Problem: Output the data below exactly, images excluded.

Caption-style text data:

^^^^^^^^

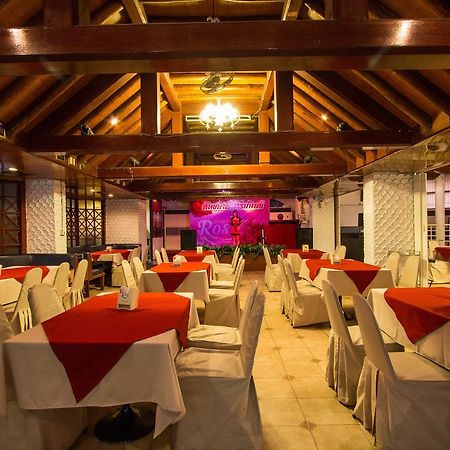 Roseinn Hotel Taphanhin Taphan Hin Luaran gambar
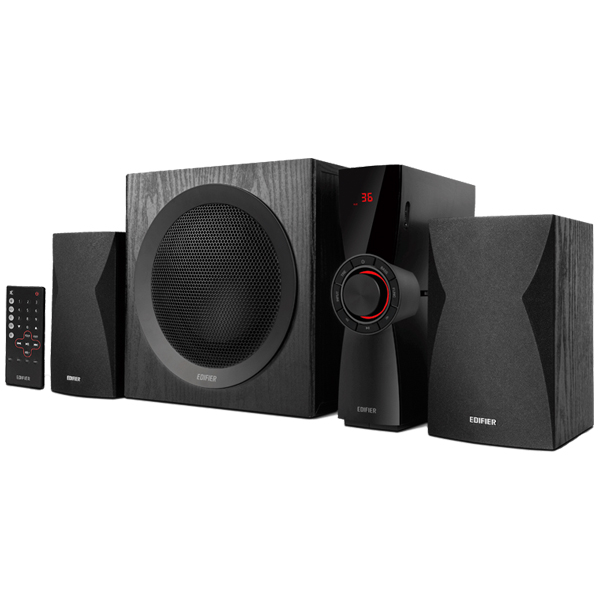 Edifier CX7 Black
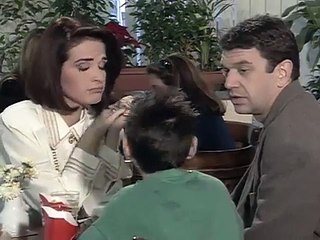 15. Ταύρος με Τοξότη - Επεισόδιο 15ο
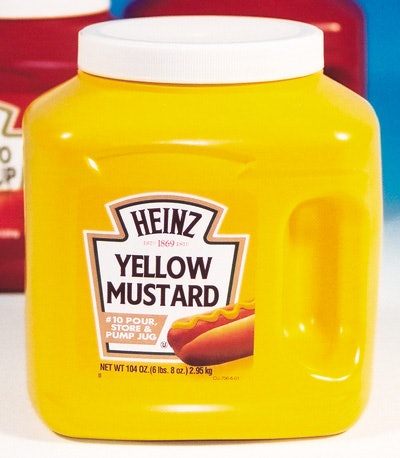 Pw 14629 Heinz Mustard1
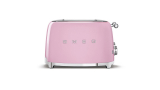 Smeg TSF03, una tostadora también puede ser de diseño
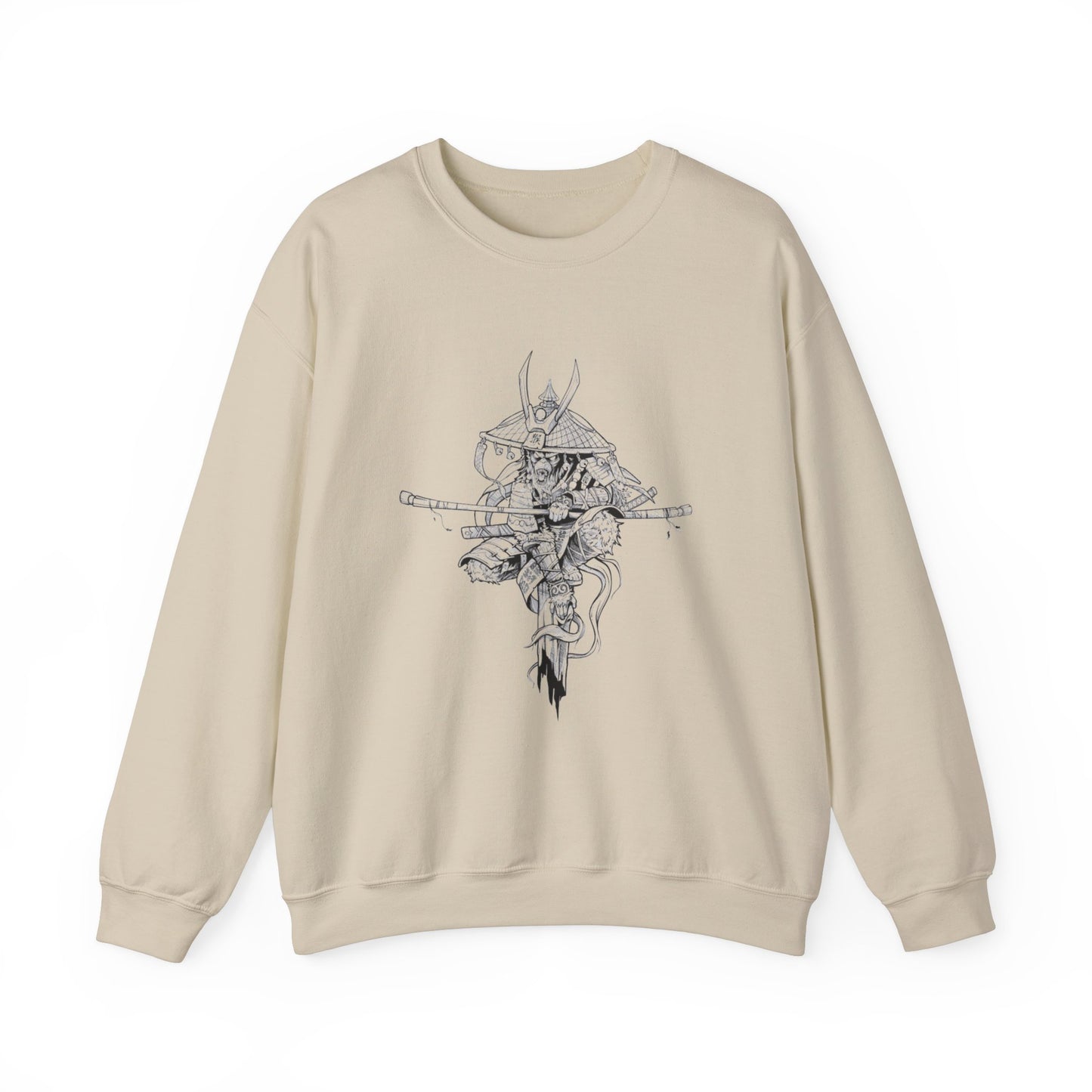 Monkey King - Unisex Sweatshirt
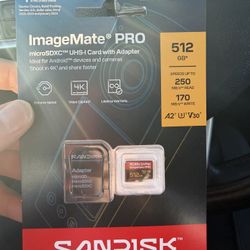 512 GB MicroSDXC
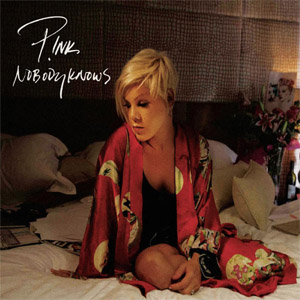 Disco Nobody Knows de Pink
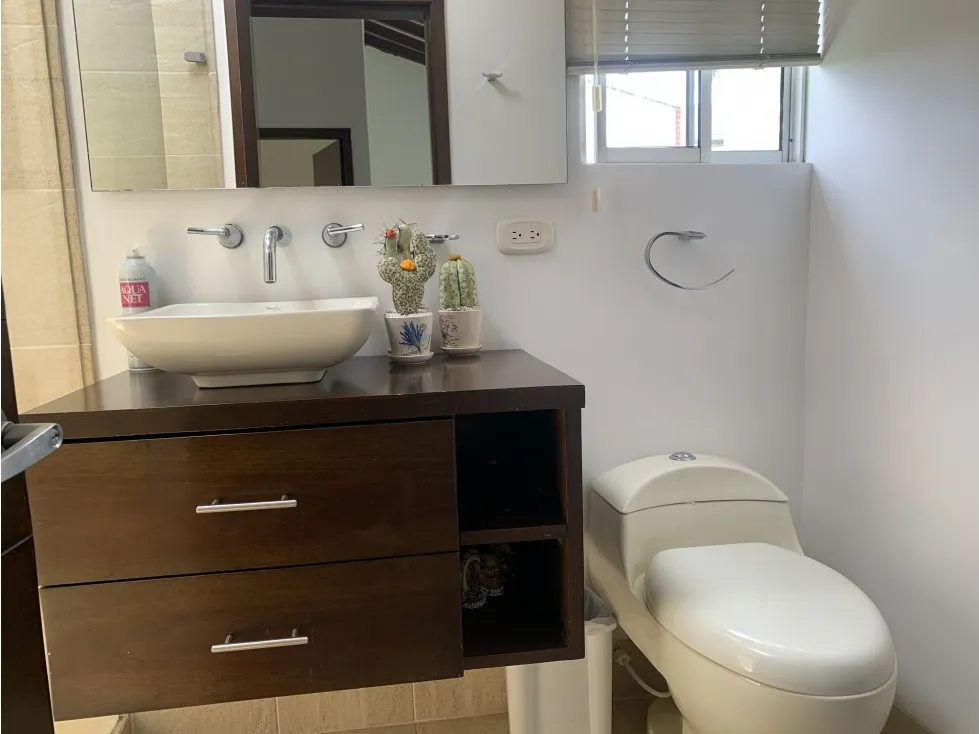 Casa de 3 alcobas en venta en Rio Bamba, Armenia, 504 m² · foto 13 de 24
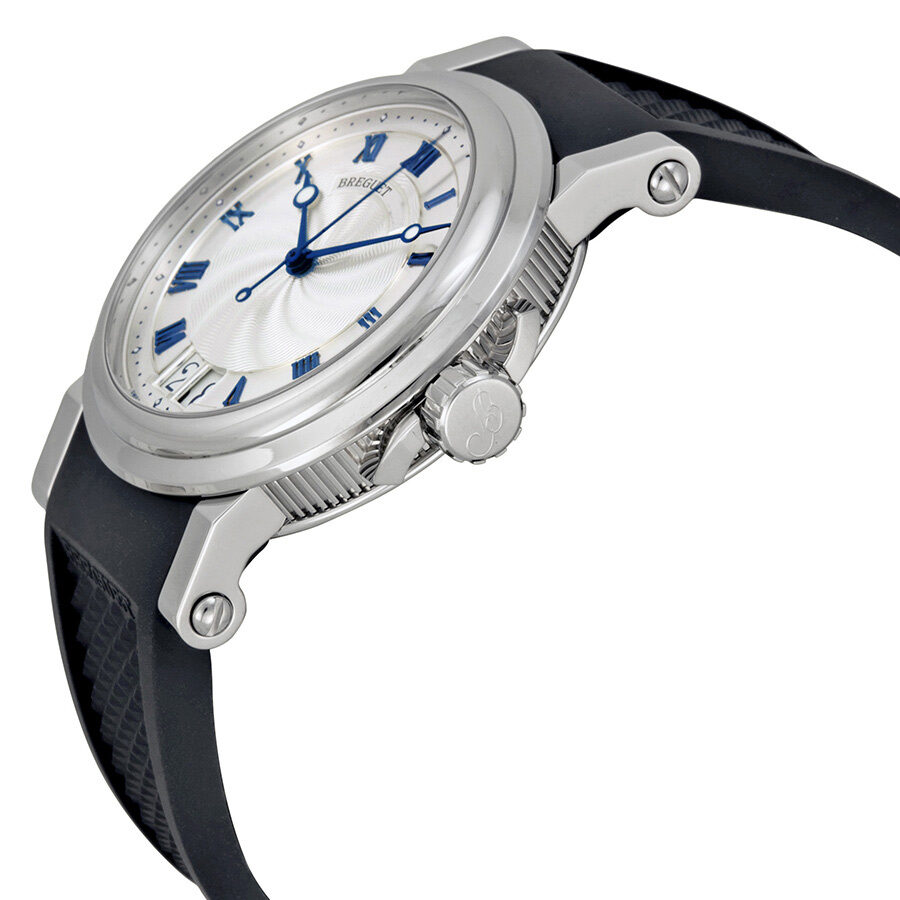 Breguet Marine 5817ST125V8 Men's Automatic 1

^^^^^^^^

Answer to this exercise:
 Roseinn Hotel Taphanhin Taphan Hin Luaran gambar
 Edifier CX7 Black
 15. Ταύρος με Τοξότη - Επεισόδιο 15ο
 Pw 14629 Heinz Mustard1
 Smeg TSF03, una tostadora también puede ser de diseño
 Monkey King - Unisex Sweatshirt
 512 GB MicroSDXC
 Disco Nobody Knows de Pink
 Casa de 3 alcobas en venta en Rio Bamba, Armenia, 504 m² · foto 13 de 24
 Breguet Marine 5817ST125V8 Men's Automatic 1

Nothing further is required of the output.